# BallBrite Cleaner



## AmandaJR (Oct 6, 2012)

Bought one of these on a whim and tried it for the first time today - it is flipping brilliant!

If, like me, you are obsessed about a clean ball and also clean irons then this is the product for you. It also means a clean towel which is a bonus.

Here is the website for the product:  http://www.ballbrite.com/ and I bought it for Â£11 from here: https://www.shortgrass.co.uk/catalo...id=85&osCsid=699201f5b72fe9c8938dcbdc86730529

I have no connections to either company and only bought it with another item to see what it was like. It works brilliantly. Not sure how much water is correct to put inside but I put a couple of tablespoons (ish!) then tipped it up for the excess to run out. Attached it to my golf bag and nothing leaked out and it did exactly what it says on the tin. Put a ball in, squidge it about a bit and out it comes white and sprarkly again and almost dry - certainly no need to towel off. It worked really well on irons too which just fit in the opening and another squidge and out they come all clean again.

The only downside is your playing partners will keep asking to use it or hand you their balls to clean (ooer)!

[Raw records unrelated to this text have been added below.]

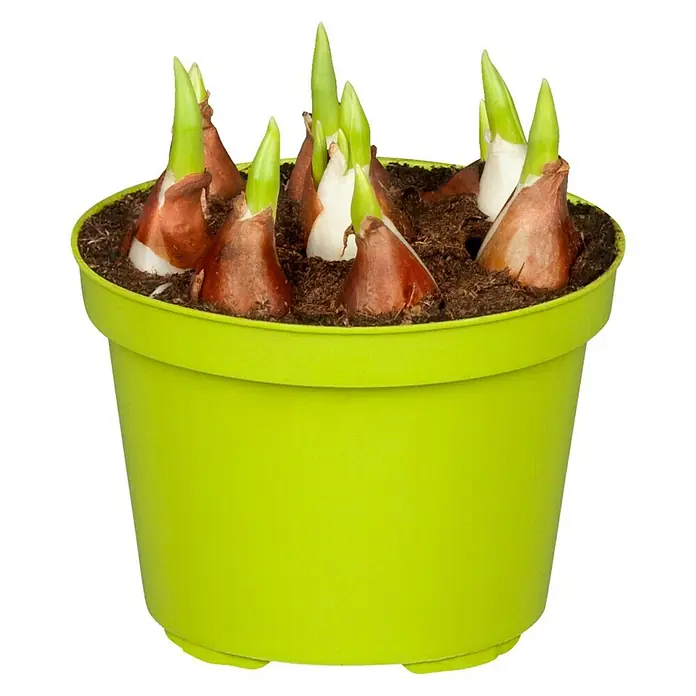 Piardino Frühlingsblumenzwiebeln Tulpe 'Yellow Baby' - Tulipia 'Yellow Baby' - Ein leuchtend grüner Topf voller Blumenzwiebeln, die bereits sprießen und auf eine blühende Zukunft hinweisen.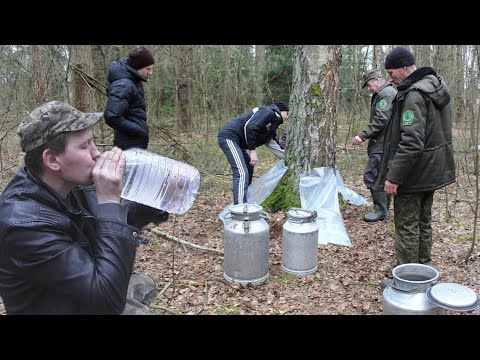 Видео: Как я собираю БЕРЁЗОВЫЙ СОК! Моя технология сбора.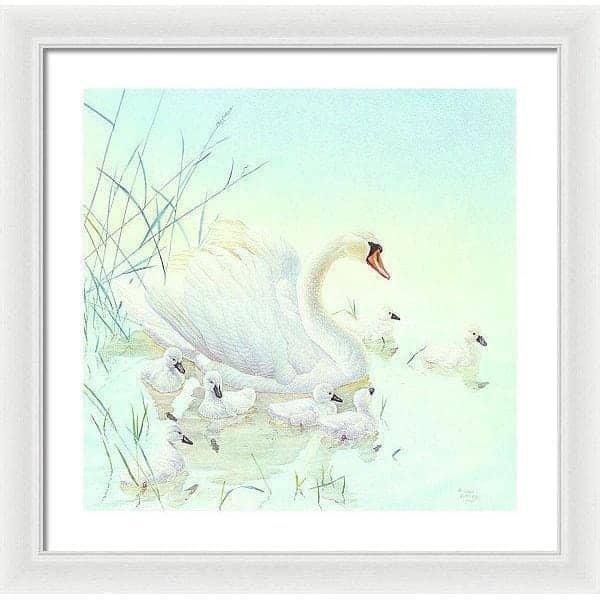 Swan Family - Framed Print | Artwork by Glen Loates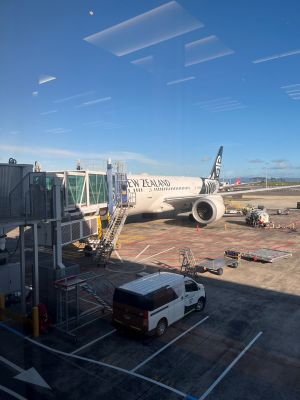 飛行機の外観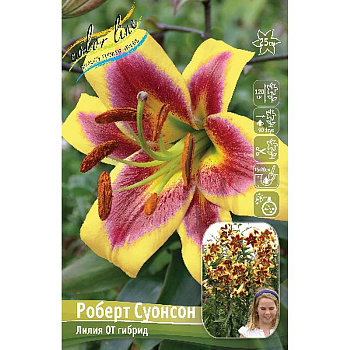 Лилия Роберт Суонсон 16/18 3 шт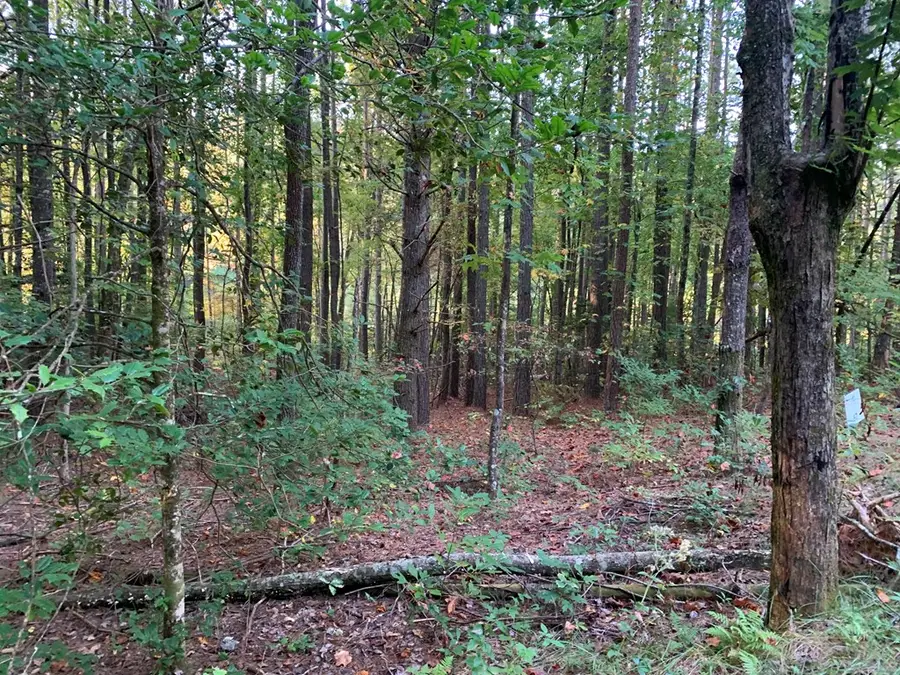 67 Liberty Lane, Murphy, NC 28906 - Image #3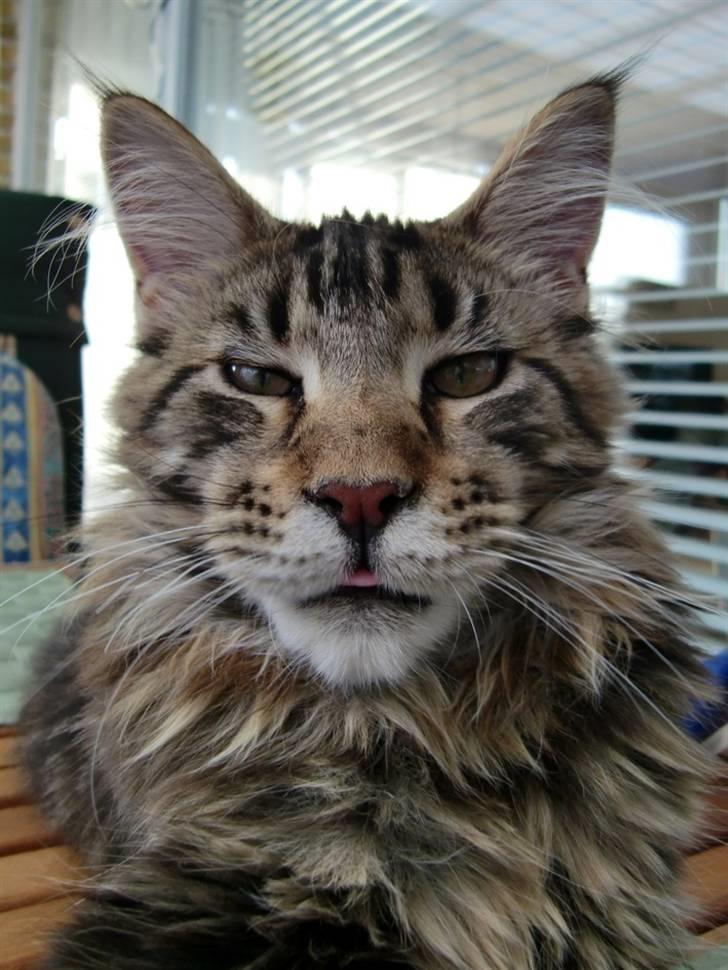 Maine Coon Buller billede 3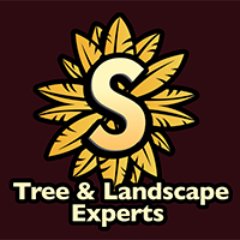 Professional Tree Care Services CA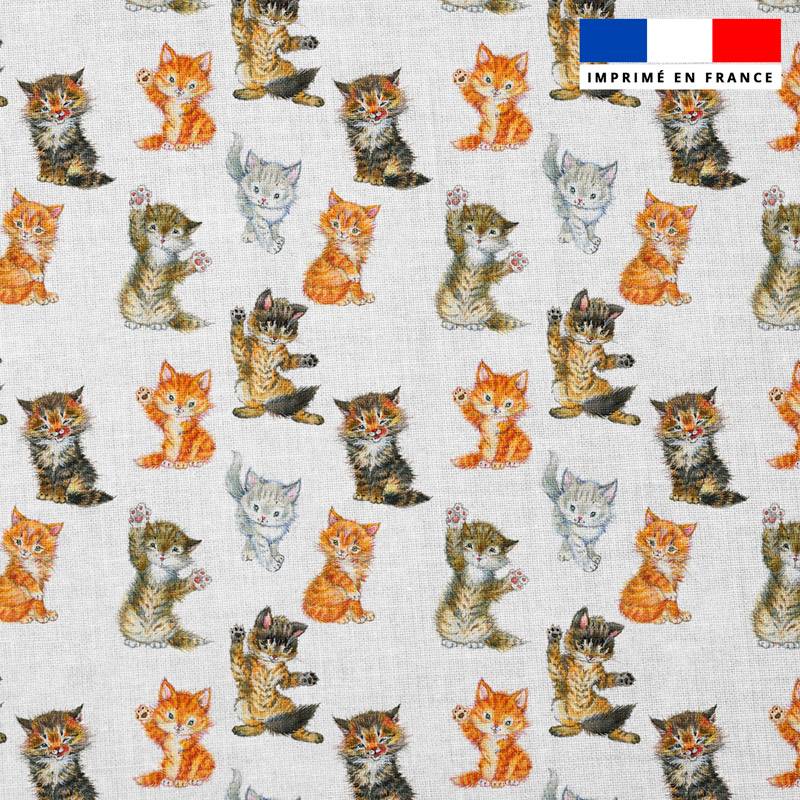 Popeline de coton peigné motif chatons roux gris et tigrés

If, like me, you find most courses have no (or dirty) water in the ball washers and also hate having muck on both ball and club then this is for you!!


----------



## CMAC (Oct 7, 2012)

Ideal for those long hot heat wave drought summers - whatever happened to them - in Scotland our balls are constantly wet........that doesn't sound right!


----------



## Phil2511 (Oct 7, 2012)

I got one of these. http://item.mobileweb.ebay.co.uk/viewitem?itemId=120814983664 Comes from Oz but only took a few days to arrive.


----------



## HotDogAssassin (Oct 8, 2012)

I bet you bought the Pink one Amanda!


----------



## AmandaJR (Oct 8, 2012)

HotDogAssassin said:



			I bet you bought the Pink one Amanda!
		
Click to expand...

Ha ha ha - sure did :clap: Great bit of kit and pretty too!


----------